Optimism is the key to getting higher returns on your money

By Paul Merriman and MarketWatch

From time to time over the years I’ve been invited to talk to high-school students about financial matters. I always enjoy this opportunity to learn from them and — I hope — teach them some important things.

One question I often ask is:

“Would you rather invest like a rich person or a poor person?”

How Rich and Poor People Invest

Of course they always choose the first option.

I use this question to introduce a couple of important concepts: Mutual funds versus individual stocks and index funds versus actively-managed ones.

(MORE: Flying Blind Investing for Retirement)

High-school students, most of whom have little or no exposure to investments, have no trouble comprehending that a wealthy investor will own thousands of stocks, while a poor one might own only a few.

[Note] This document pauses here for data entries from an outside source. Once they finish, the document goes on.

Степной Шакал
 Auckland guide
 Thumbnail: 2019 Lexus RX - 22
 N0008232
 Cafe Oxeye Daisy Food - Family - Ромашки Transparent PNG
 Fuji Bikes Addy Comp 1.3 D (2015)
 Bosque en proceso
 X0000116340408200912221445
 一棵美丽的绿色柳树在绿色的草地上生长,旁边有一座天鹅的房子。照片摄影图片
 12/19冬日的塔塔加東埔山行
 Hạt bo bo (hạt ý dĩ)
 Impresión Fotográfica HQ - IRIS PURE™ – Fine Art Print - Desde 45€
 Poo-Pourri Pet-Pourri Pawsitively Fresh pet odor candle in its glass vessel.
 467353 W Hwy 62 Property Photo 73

My point: Buy a handful of individual stocks and you will be following the poor person's example. On the other hand, if you buy mutual funds — especially index funds — you will be investing like the rich investor.

A Deep Divide

As it turns out, the divide between poor investors and rich ones is deeper than I had thought.

A recent article published at TheWeek.com summed it up this way: “Rich people prefer productive companies while the poor prefer shiny lumps of metal. That's bad news.”

The article was based on a Gallup poll that found upper-income Americans are most likely to gravitate to stocks and real estate (and 87 percent of them own their own homes), while those in households with $30,000 or less annual income are more likely to choose gold as the best long-term investment. (Only 18 percent of wealthy Americans made that choice.)

(MORE: How Risky Are Your Retirement Funds?)

There's plenty of data from the past 200 years to support wealthy Americans' choice of stocks and real estate. I don't have to bore you with the reminder that, over time, stocks have far outstripped bonds, metals and other commodities, bonds, cash and real estate.

Public companies often pay dividends and grow by producing things that people want, while gold just sits idle waiting for somebody who's willing to pay more for it than the last investor.

Barry Ritholtz , a columnist at BloombergView, noted that the study indicates lower-income people and higher-income people seem to have quite different expectations from life. Consequently, the two groups place their trust in different places.

Optimists Versus Pessimists

Even though lots of high-income people remain wary of stocks and real estate because of the 2008 debacle, by and large there's a big difference in attitudes between the wealthy and the not-so-wealthy.

(MORE: Pessimism Is Hazardous to Your Health)

Investing in real estate requires more than the ability to make a down payment and pay the mortgage. It requires faith in the legitimacy of property laws and the legal system. It requires faith that your property won't be taken from you illegally.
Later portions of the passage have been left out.